Hello fellow fishermen!

It's safe to say it's been a rough winter for me! Haven't gotten into many fish, mostly due to the fact that I can't get out much. Anyways, as we roll into March I am wondering if anyone has tips/suggestions. I almost exclusively bank fish/wade and I'm mainly seeking guidance on what types of fish to target in March (central Ohio). Bait tips/suggestions also greatly appreciated! Also, if anyone ever wants to meet up and fish, just let me know! Always looking to make some new fishing buddies.

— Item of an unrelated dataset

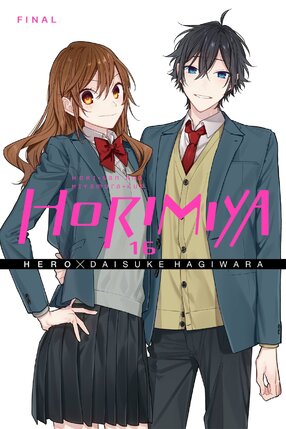 Horimiya vol 16 GN Manga
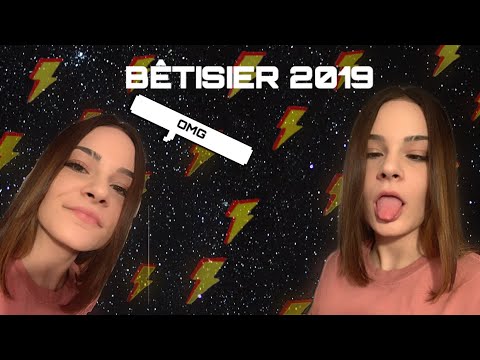BÉTISIER 2019 ♡ MOMENTS GÊNANT ...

Thanks again guys, appreciate any advice you might be willing to share.

-Gus


----------



## partlyable (Mar 2, 2005)

Gus, if you are shore bound spring is still a great time to get out as many different species can be caught in shallow water as the lakes begin to warm. First species that come to mind is crappie. Try one of the shallower lakes after 2-3 days of warm weather and you may be surprised how good the action can be. Bass also should be coming in during those warming periods as well. Typically look for the wind blowing warm surface water into bays or points on the north or east side of a lake in march. I am sure you could catch saugeye as well if you follow slims advice. I personally have never done well on saugeye so someone else would have to point you in the right direction for them. I am sure you will get many more responses to your question. If you have any specific questions pm me and I can try and give you more information.


----------



## Chris Martin (Jan 9, 2017)

i have mainly gone for bass. Catfishing a little but no luck. But did some pond hopping throwing a blue fox/ mepps. Caught nothing big just little Dinks.


----------



## Dovans (Nov 15, 2011)

Saugeye, Buckeye Lake, or Deer Creek Spillway. Wont be long and the White Bass will running up the creek too. Simple 1/8th ounce jig with White or Chartuse plastic. (such as a grub or Joshy swimbait)


----------



## Gus Martin (Jan 31, 2017)

partlyable said:


> Gus, if you are shore bound spring is still a great time to get out as many different species can be caught in shallow water as the lakes begin to warm. First species that come to mind is crappie. Try one of the shallower lakes after 2-3 days of warm weather and you may be surprised how good the action can be. Bass also should be coming in during those warming periods as well. Typically look for the wind blowing warm surface water into bays or points on the north or east side of a lake in march. I am sure you could catch saugeye as well if you follow slims advice. I personally have never done well on saugeye so someone else would have to point you in the right direction for them. I am sure you will get many more responses to your question. If you have any specific questions pm me and I can try and give you more information.


Thanks for all of the info partlyable, very helpful  I'll be sure to pm with specifics! 

Also, Dovans, thanks for that tip.. I'd love to get on some saugeye, also, there's nothing like hitting the white bass run! Thanks for the reminder man. 

Chris, thanks man. I'll have to bust our my inline spinners


----------